O PSDB, com raríssimas exceções, não soube capitalizar o sentimento anti-petista surgido com o mensalão. Digo “surgido” não porque não existisse antes, mas era um fenômeno muito mais restrito. O mensalão mostrou a verdadeira cara desse partido, mas um não sei que de cumplicidade ideológica misturada com o receio de parecer troglodita aos olhos da inteligentzia nacional, fez com que o PSDB colocasse panos quentes sobre o mensalão, sovando o que seriam mais 10 anos de governos petistas.

Hoje, o discurso do PSDB não é muito diferente. “A lei é para todos” é um mote que está longe de satisfazer o anti-petismo. Levar um saco de lixo com a estrela do PT como fez Bolsonaro é o mínimo que se esperava. Não fizeram em 2005, não estão fazendo hoje. Aliás, hoje seria tarde demais. O PSDB perdeu o bonde da história.

Jogo de palavras

Quando você ouvir os termos “choque de liberalismo” ou “choque de capitalismo” da boca de alguém de esquerda, saiba que está diante apenas de um jogo de palavras.

Todo mundo é trouxa

Esta proposta do Ciro é errada de várias maneiras combinadas.

1. O Banco do Brasil e a Caixa serão obrigados a aceitar um desconto sobre a dívida inscrita no SPC. Não será como em um feirão de renegociação, como na comparação mal-intencionada do candidato. Em um feirão, os bancos negociam um a um, e têm um budget para negociar. Na renegociação do Ciro, a ordem vem de cima para baixo, forçando um cancelamento de dívida que pode estar acima de sua capacidade de conceder. No final, o governo precisará capitalizar seus bancos. Com que dinheiro?

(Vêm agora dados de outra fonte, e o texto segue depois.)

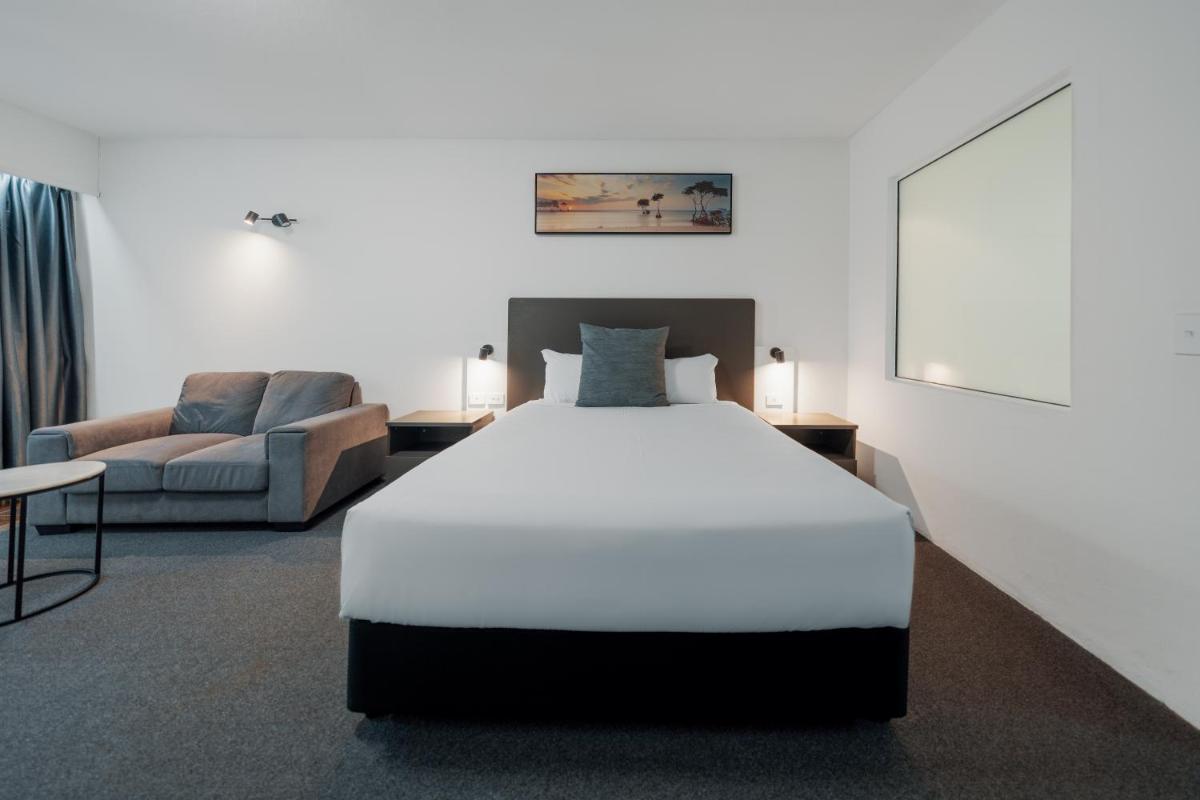 Suitetrails - The Select Inn Gosford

Já vimos BB e Caixa sendo usados para implementar políticas de juros no governo Dilma, e o resultado não foi dos melhores.

2. Os bancos privados também serão chamados a colaborar, mediante uma redução do depósito compulsório. Ou seja, além de liberar espaço no balanço das famílias, os bancos privados terão mais dinheiro para emprestar. Será um novo voo de galinha, baseado exclusivamente no crédito, e que termina em mais inflação. Novamente, já vimos esse filme antes.

3. É o governo que vai pagar a dívida dos inadimplentes (“são só R$1.800 por família!”), não são os próprios, como em um feirão de renegociação. De onde sairá o dinheiro?

4. Mas talvez o efeito mais deletério seja sobre o comportamento do devedor. Se eu sei que não precisarei pagar a dívida, então vou me endividar pra valer! No final, o governo paga. É o efeito Refis. “Ah, mas nunca mais o governo vai fazer isso, é só uma vez!” Quem disse? Se fez uma vez, por que não pode fazer de novo? Os endividados sempre esperarão outro “limpa-nome”. E, enquanto isso, se endividarão mais.

Ciro está comprando os votos dos endividados com o dinheiro de todos os contribuintes. Aqueles que não se endividaram ou que pagam suas dívidas em dia são trouxas, no final do dia.

É isso: Ciro é o candidato que acha que todo mundo é trouxa.